=== Begin Enclosure ===

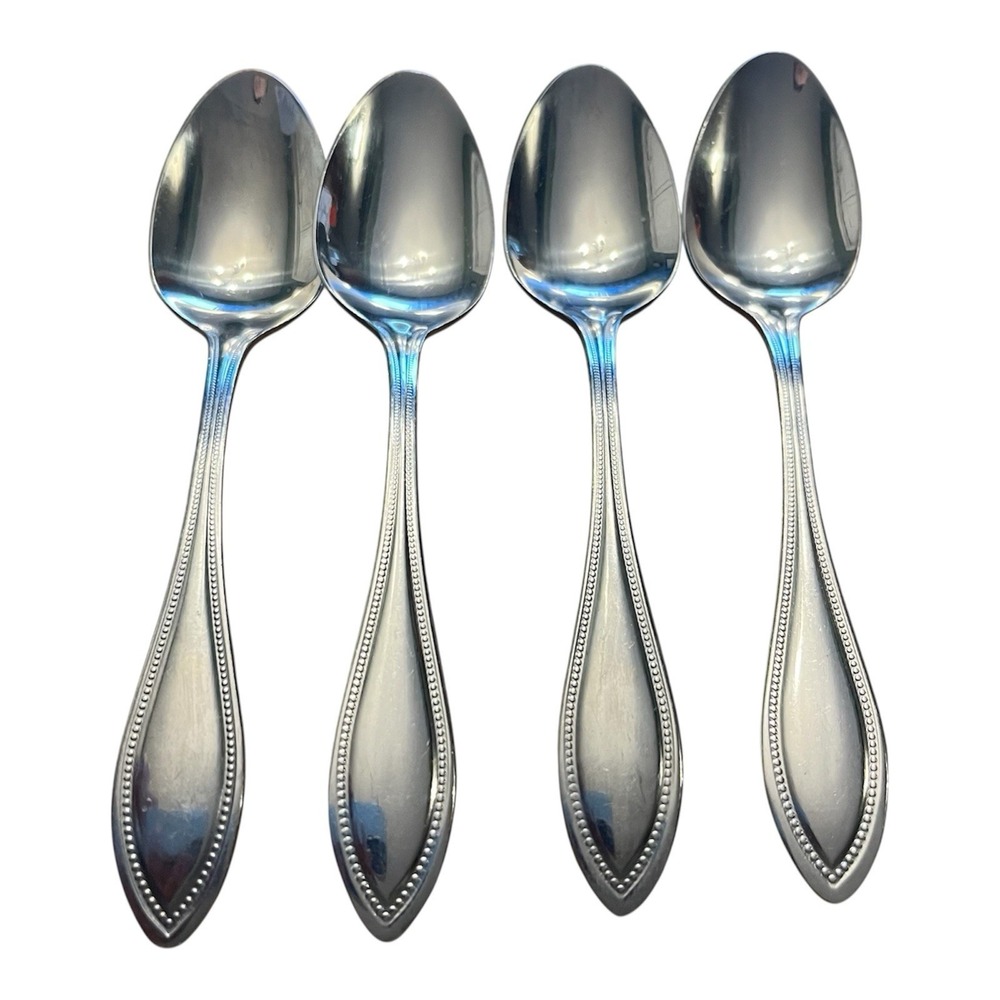 Towle Silver TUSCAN BEAD (4) Teaspoons‎ Stainless Flatware 6 3/8" China Glossy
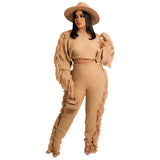 Fongt New Women's Wear Casual Solid Color Knit Long Sleeve Tassel Suit-Outfit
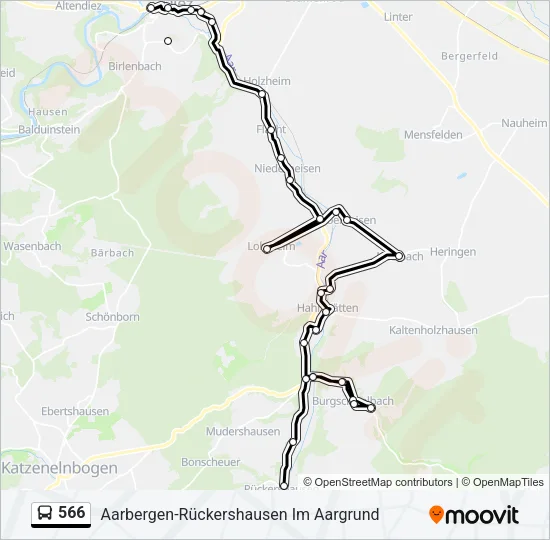 566 Bus Line Map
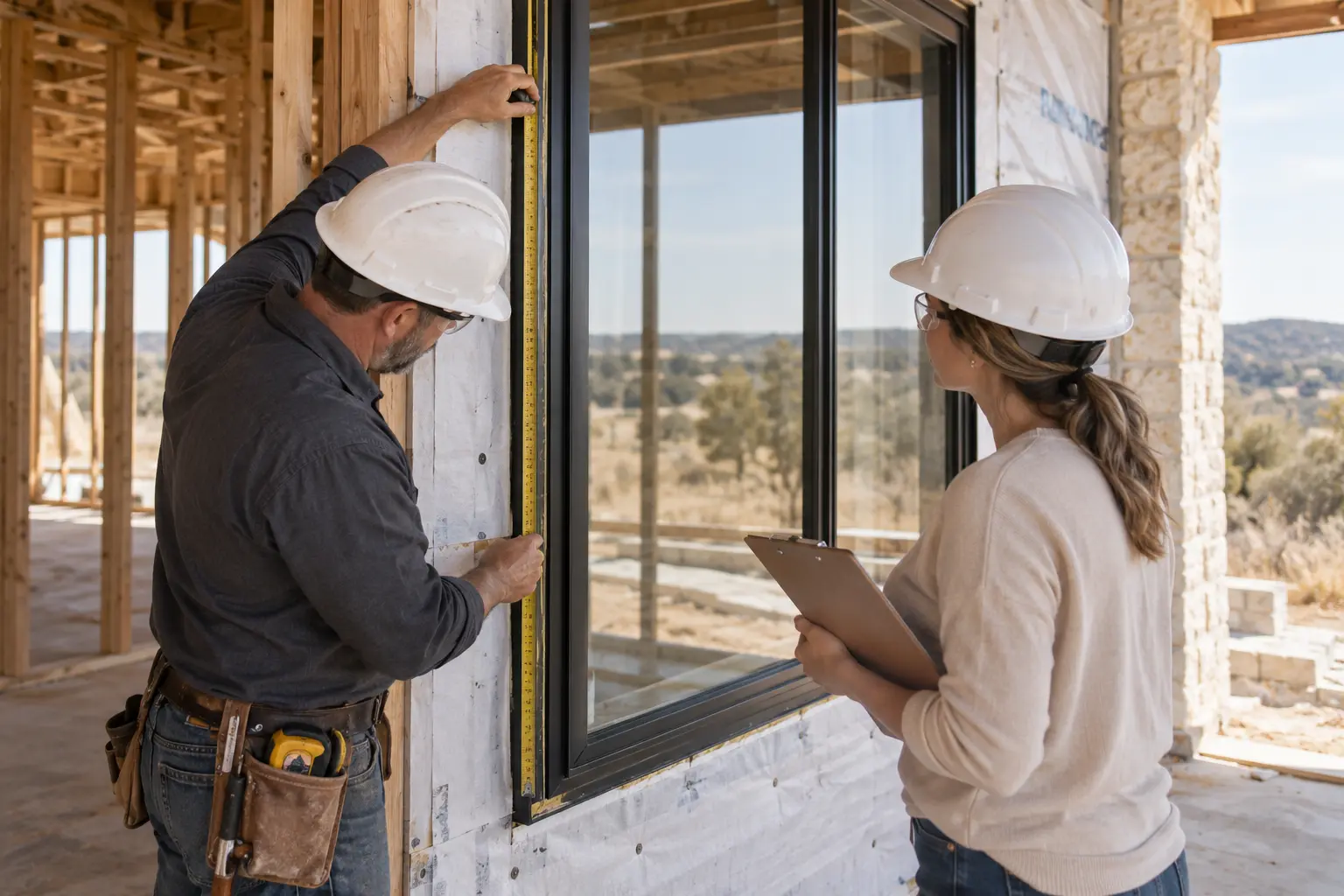 A builder and homeowner reviewing measurements beside a black aluminum window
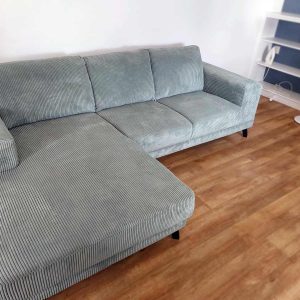 Grijze kleine hoekbank kopen - compact bankstel ribstof - Artichoke - klant foto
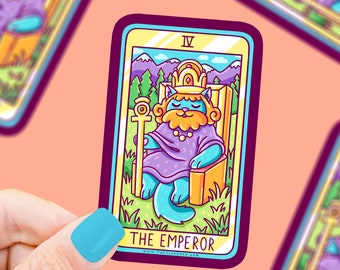 Emperor Tarot Card Cat Vinyl Sticker - Witchy Gift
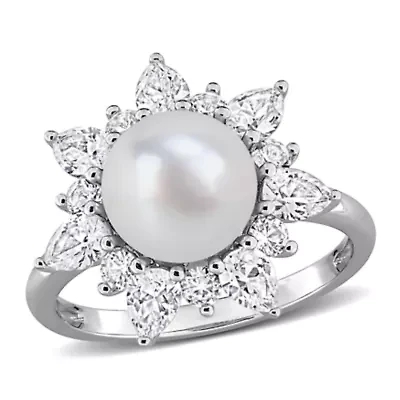 Lab Created 8-8.5mm Freshwater Cultured Pearl & White Sapphire Floral Cocktail Ring Sterling Silver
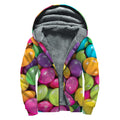 Colorful Chocolate Candy Print Sherpa Lined Zip Up Hoodie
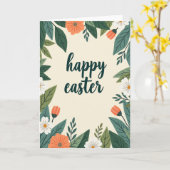 Carte de vœux Floral Joyeuses Pâques (Fleur jaune)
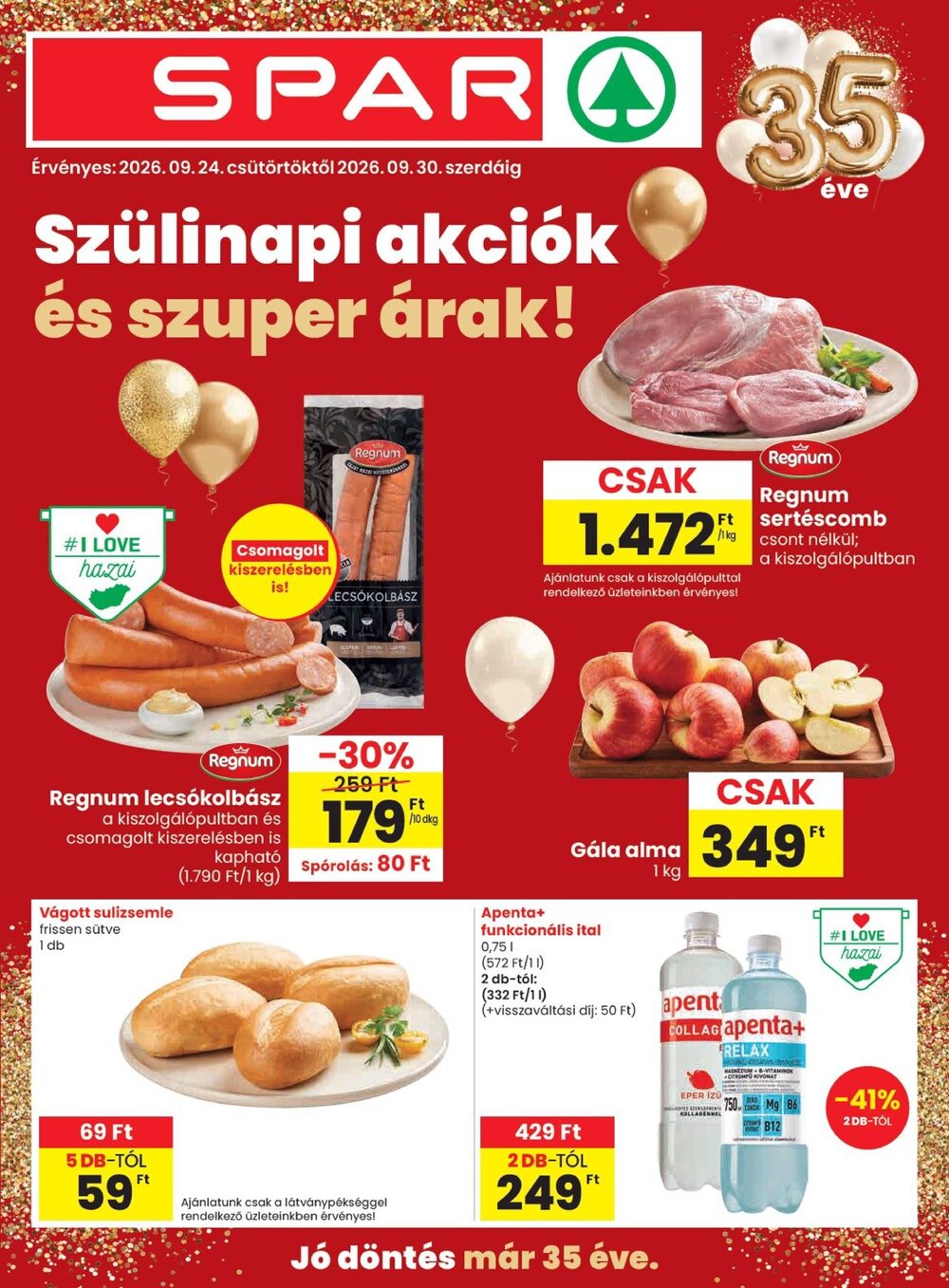 Spar akciós újság 2026.09.24-től - 1. oldal.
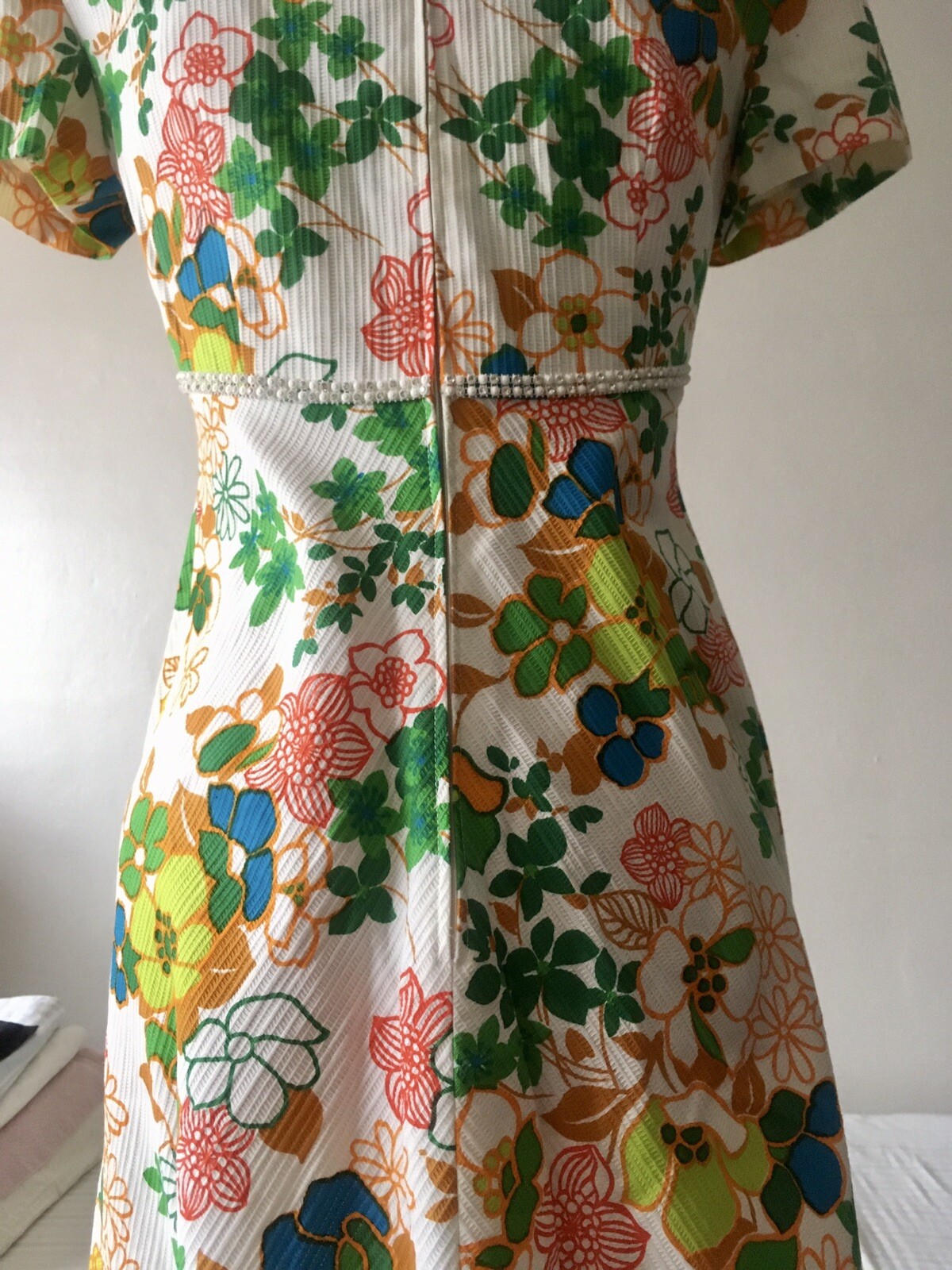 Vintage Harmay 60s 70s Hostess Floral Rhinestone Party Cocktail Maxi Dress S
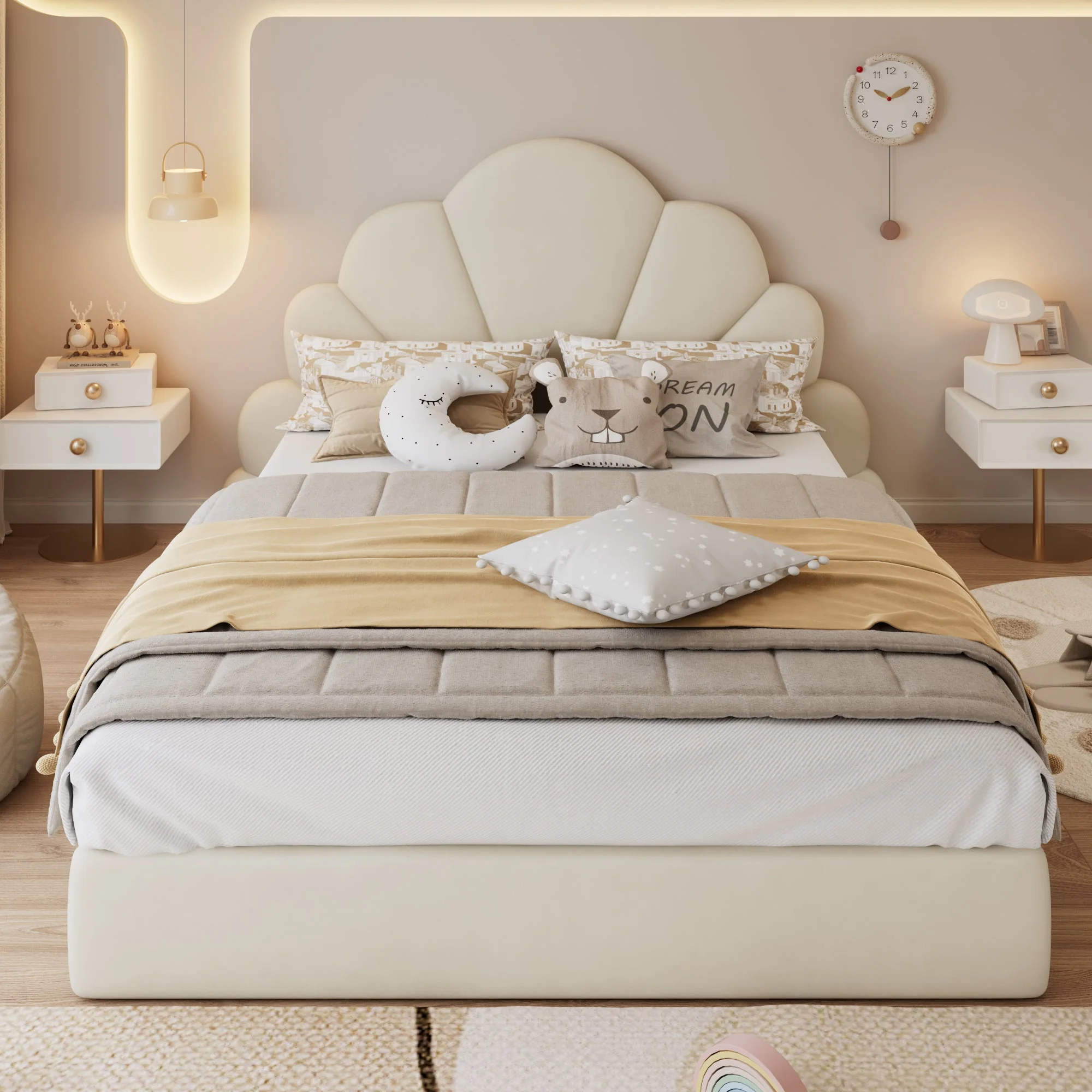 Upholstered Bed, Curved Petals, Modern Frame, Velvet Beige - Image 3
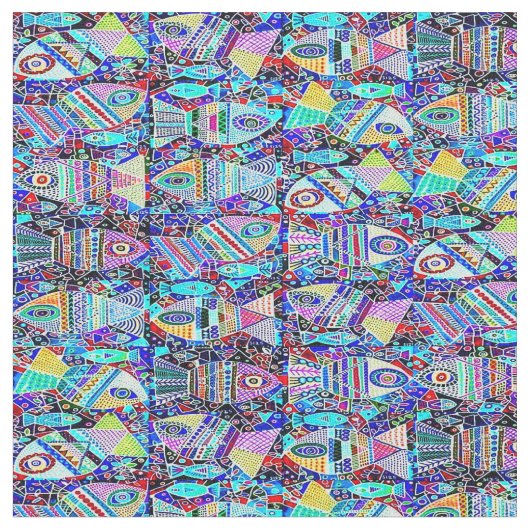 Dämmerungs-Regenbogen-Fische Stoff (Nahaufnahme)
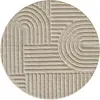 Image de Tapis rond à relief géométriques beige 200x200cm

=== End Enclosure ===

» **Requirement**:
Only the lines between the one containing "Lab Created 8-8.5mm" and the last line of the listing above, both included, should be written out, exactly and without pictures.

» **Response area**:
 Lab Created 8-8.5mm Freshwater Cultured Pearl & White Sapphire Floral Cocktail Ring Sterling Silver
 Colorful Chocolate Candy Print Sherpa Lined Zip Up Hoodie
 Carte de vœux Floral Joyeuses Pâques (Fleur jaune)
 Spar akciós újság 2026.09.24-től - 1. oldal.
 Vintage Harmay 60s 70s Hostess Floral Rhinestone Party Cocktail Maxi Dress S
 Upholstered Bed, Curved Petals, Modern Frame, Velvet Beige - Image 3
 Dämmerungs-Regenbogen-Fische Stoff (Nahaufnahme)
 Image de Tapis rond à relief géométriques beige 200x200cm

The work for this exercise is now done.